I wanted a pubsub service so I could send the songs around. I wanted to be
able to use it in a open source app and ideally client to client.

The one I ended up going with was Faye
([http://faye.jcoglan.com/](http://faye.jcoglan.com/)) but I tried a few
others.

Will take a look at this! Looks neat.

------
Matthias247
Although I could only look at the surface up to now, this looks really
interesting!

I always wondered why there are dozens of RPC-only and Pub/Sub-only protocols
out there and nothing that is really suitable for record/property
synchronization. Because this one important feature in my-domain I have
implemented something quite similar to deepstream for my needs, but currently
a little bit more limited (pure client-server model, there are no client-
hosted RPC methods, no auth, etc.). I chose to make synchronization
unidirectional, which avoids the need for merging and conflict resolution and
works good for my use cases. There I would have a model where I say the client
must call an RPC method on the server, that method would change a property and
this would then get synced back to client. I guess that would also be possible
with deepstream, but I woul need to configure it in order to let only a single
client manipulate the property.

Some tech questions: \- Are there any ordering guarantees?

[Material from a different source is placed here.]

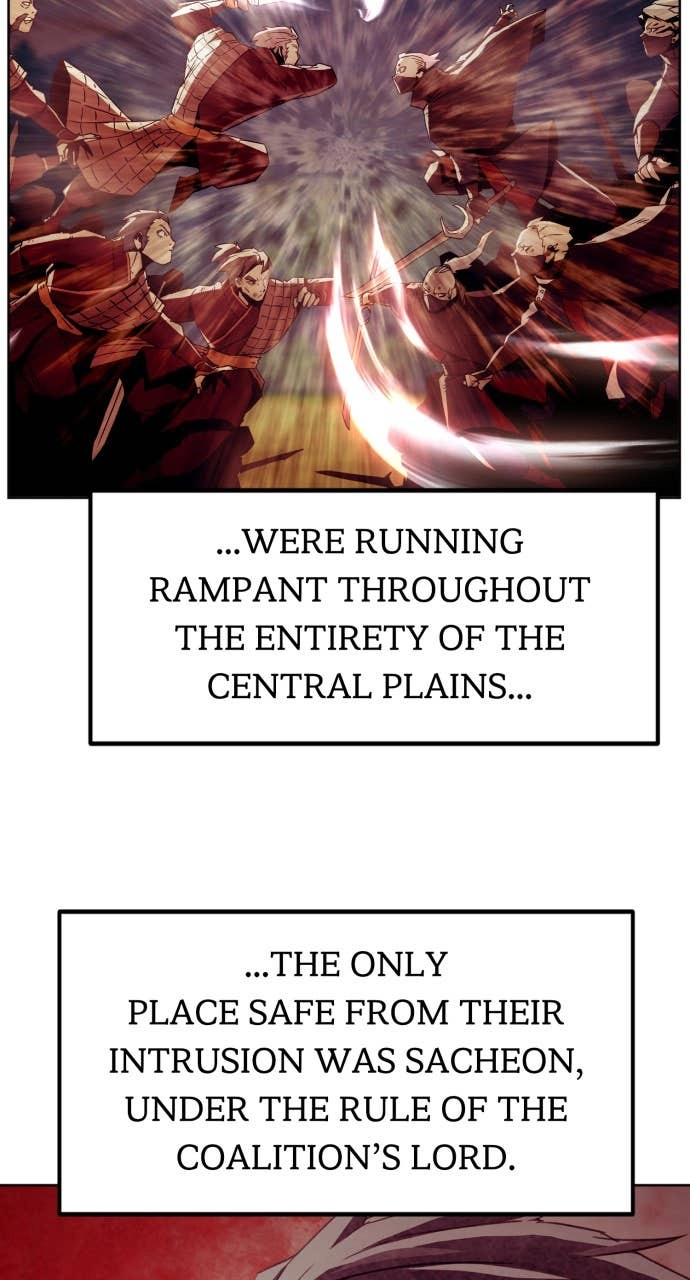 The Dang Clan’s Swordmaster Heir Just Wants a Normal Life Chapter 50 Page 33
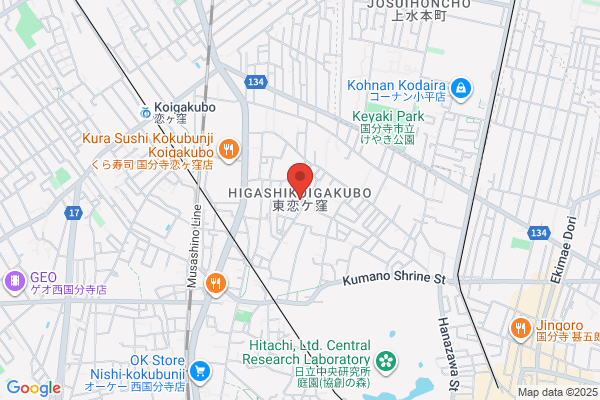 アイシティ 武蔵小金井店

E.g. between
different RPC calls as well as between RPC calls and messages and property
updates? Giving those guarantees can increase the difficulty in implementation
a lot, but reduces complexity in API design. \- Have you also thought on
meteor like optimistic updates? I thought it can probably be implemented by
putting some additional information in the results of RPC calls - some
information about which properties where updates as a side effect of the call
and in which version of these properties the updates are applied.

------
majke
I skimmed the docs, but I'm unsure about the semantics. The pubsub, what
happens to slow clients? The same for synchronization.

Basically - how it behaves when the clients are not behaving.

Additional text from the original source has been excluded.